Both in the framework of JVN automata and EVN automata, ordinary transmission states (blue arrows) and special transmission states (red arrows) can be arranged in sequences forming transmission lines. Both the ordinary and the special transmission states can be found in two different excitation levels: the quiescent state (blue for the ordinary and red for the special) and the excited state (cyan for the ordinary and magenta for the special). The transition rules are designed so that any quiescent or excited transmission state pointed to by an excited state becomes or remains excited at the next time step. By contrast, an excited state, which is not pointed to by an excited state but points to an excitable state, becomes quiescent at the next time step. Therefore, in a transmission line formed by a coherently oriented sequence of ordinary or special transmission states, as shown in the figure here below,
any set of excited states propagates as a train of excited states. Since the role of these trains is that of providing sequential excitations of other states (confluent state, vacuum state, etc), they will be called activation trains. An activation train formed by a single pulse is called an activation pulse or simply a pulse.
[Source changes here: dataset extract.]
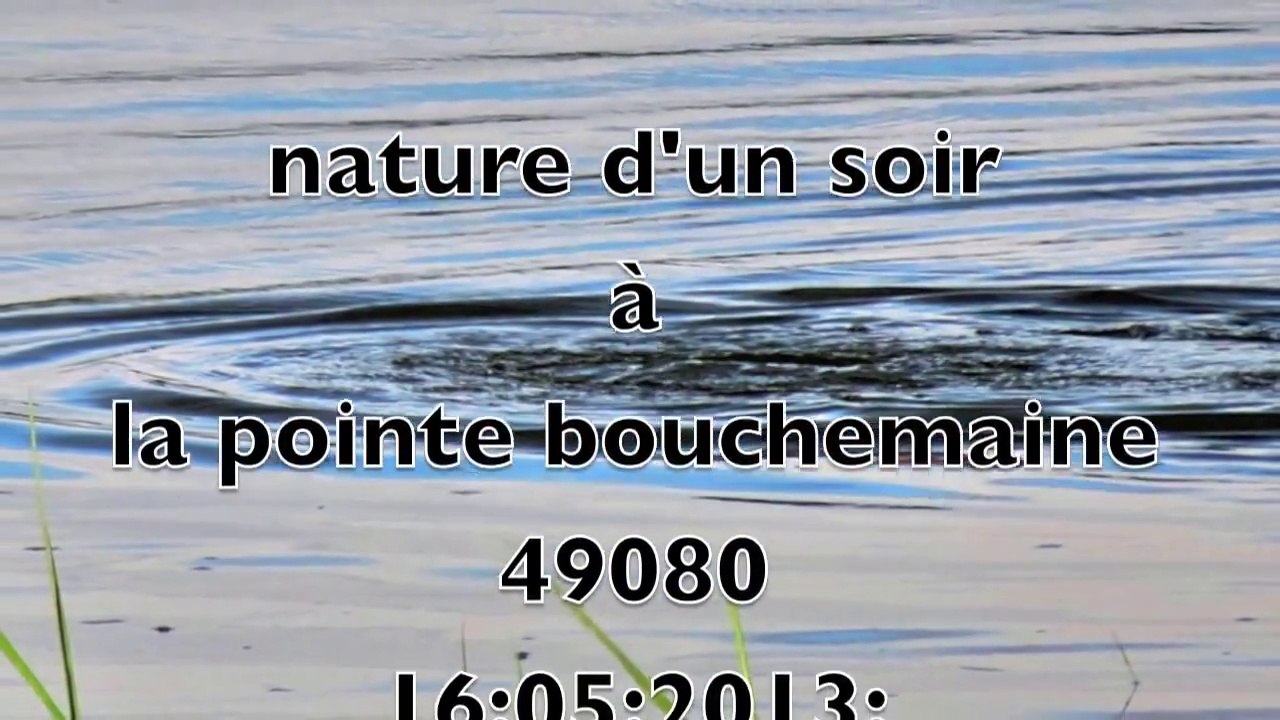 NATURE D 'UN  SOIR A LA POINTE 49080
Activation trains propagate along ordinary transmission lines and special transmission lines as sequences of excited and unexcited states behaving as binary digits (bits). Suitable combinations of transmission lines and confluent states behave as networks capable of performing logical operations. The logic is not Boolean, however, as in the framework of JVN and EVN automata the logical operator NOT (negation) cannot be included as an operation performed by a cell state. The reason for this impossibility is obvious. Were a hypothetical negation-state inserted into a quiescent transmission line, the line portion downstream to such a cell would rapidly become permanently excited, with unpredictable effects at the line end. Suitable cell-state circuits, however, can transitorily fake the logical operation NOT.